I am in the middle of desolation.
But as I began reading through the books of Matthew and Mark this week, my mindset about desolation has slowly started to change. I used to hate desolation. It meant that I wasn’t pouring into somebody and somebody wasn’t pouring into me. “Outside of community” was my synonym for “desolation.”
But this isn’t what Scripture teaches.
When Jesus heard that John the Baptist had been killed, “he withdrew … to a desolate place by himself” (Matt 14:13). Solidarity is something Jesus found… by being by himself, to be in a place where He could just be alone and no one could reach him.

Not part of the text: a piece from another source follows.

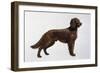 Irish Setters-Harro Maass-Framed Giclee Print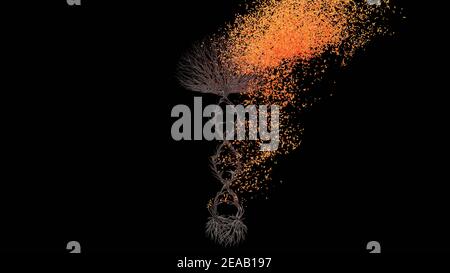 Albero a forma di catena del DNA. Transizione stagionale su sfondo nero. Concetto ecologico. Rendering 3D. Foto Stock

Jesus taught and fed both the 4,000 and the 5,000 in a desolate place. In desolate places, no one can interrupt Jesus. People were not being distracted by their families at home, by the selling and trading of wares, by messengers, or by any other means. Jesus was free to teach and perform in a way he was not able to when he was in a town or village.
Jesus went to a desolate place, the Garden, to pray. Only there could He truly talk to God in peace and quiet, with no interruption and no other voices trying to get into His head.
Desolation is not a curse but a blessing from God. It’s a place where we aren’t asked to go but a place we are commanded to go.
…but today I ask you if this idea of biblical desolation even exists.
In a world of cell phones, internet, TV, and radio, is there a place where we are able to be completely disconnected? Are we able to escape the constant noise of the world and just sit and be? How do we silence the constant influx of information and news that is streamed directly to us on our phones and other handheld devices?
Can we truly shut down technology so that we can just be still and know God?